真面目な顔で言うのは、桜城くんだった。桜城くんには、転校することは伝えてある。飲み下しきれない顔をされたけど、それだけだった。

「黎くん、架くん、ありがとうね」

今、一緒にいるのはママだけだ。紅緒様は、これから住む家の方で準備をしているそう。

家具なんかは持って行く必要ななさそうなので、本当に身の回りのもの、着替えやら学校のものだけだいいようだ。
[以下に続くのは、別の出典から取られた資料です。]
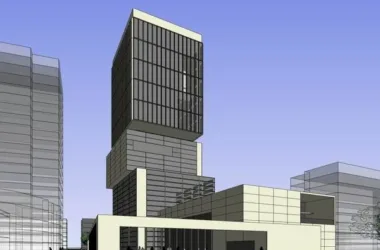 Modern Multi-Story Hospital Model in SketchUp-BIM WORLD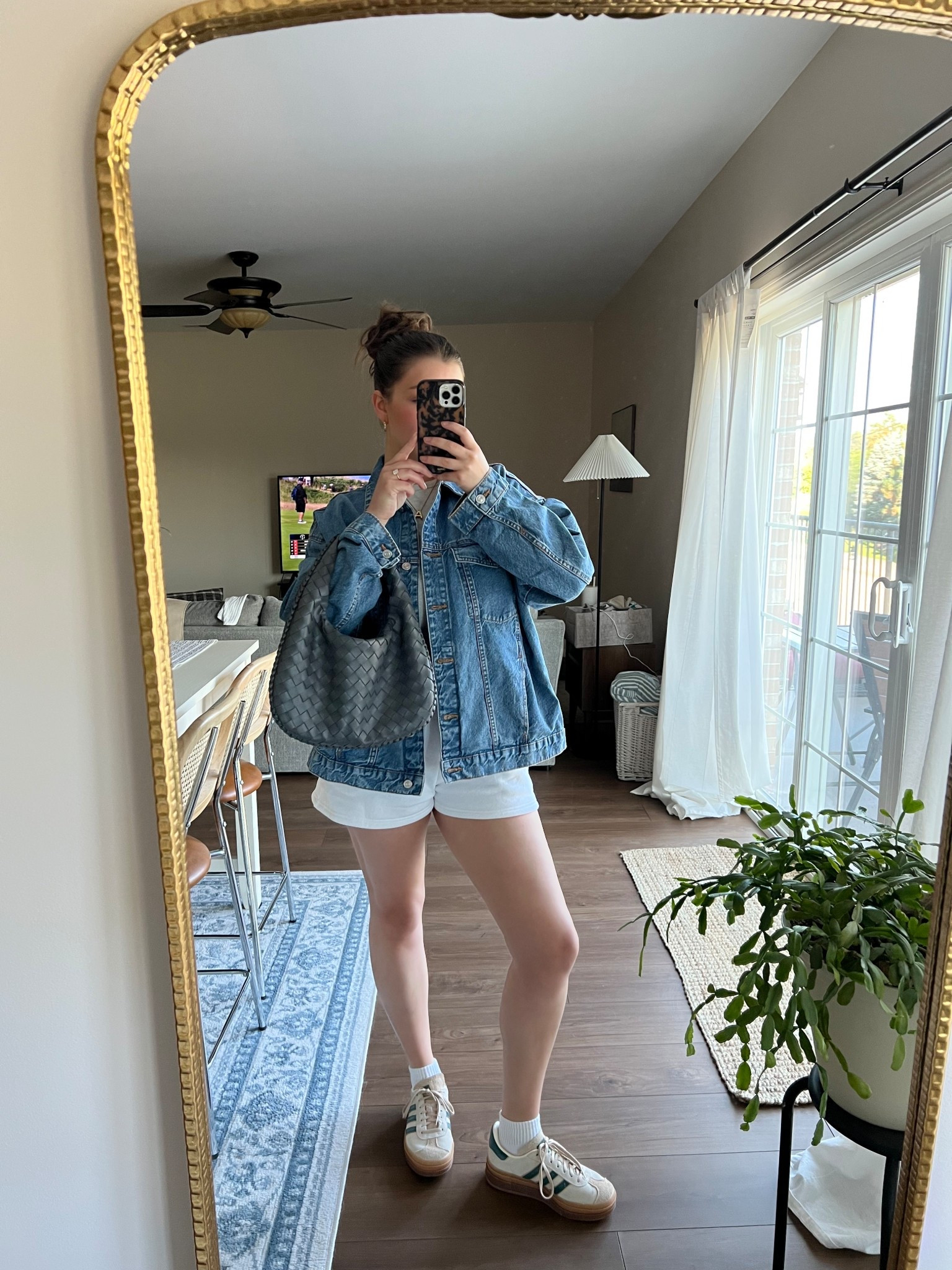 ootd for errands - this asos denim jacket is the perfect oversized fit. wearing an xl!!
「いいえ。こちらが勝手にやりたいだけです。お邪魔でなければいいのですが」

「そんなことないわ。ほんと……真紅ちゃんのために、ありがとうね」

ママは、穏やかに話しかける。私はママの思いがありがたい一方、この双児の妹はあれだからなあ……という複雑な心境だ。

「黎……紅緒様には逢いにくくない? 大丈夫?」

「んー、また怒られる心配はあるけど、でも、真紅に逢いたかったし」

「黎……」

二人の空気を作っていると、黎の隣にいた桜城くんが居心地悪そうに咳払いした。

が、それを気にする兄ではなかった。一方の私ははっとして、慌てて視線を逸らした。早口で照れ隠しをする。

「あ、ありがとう。一緒に来てくれれば、新しい家の場所もわかるよね」

黎は、私の照れように苦笑してから、手を取ってそっと囁いてきた。

「うん。何度でも、逢いに行くから」







END.


最後までお読みくださりありがとうございます!
お疲れ様です。さくらぎ ますみと申します。


ノベマ様での前作、『桜の鬼』に続き和風・あやかしファンタジーをお送りしました。


こちらは過去に完結しているお話で、第二話も完結済みなので、こちらに続けて公開しようと思っております。


そして現在、第三話の下書きをしています。


こちらに出てきた白桜と黒藤は、二人がメインのお話もあります。
『月華の陰陽師』といいます。


そこに至るには『朧咲夜』も絡んでくるので、『さくらの血契』→『朧咲夜』→『月華の陰陽師』の順で公開するつもりです。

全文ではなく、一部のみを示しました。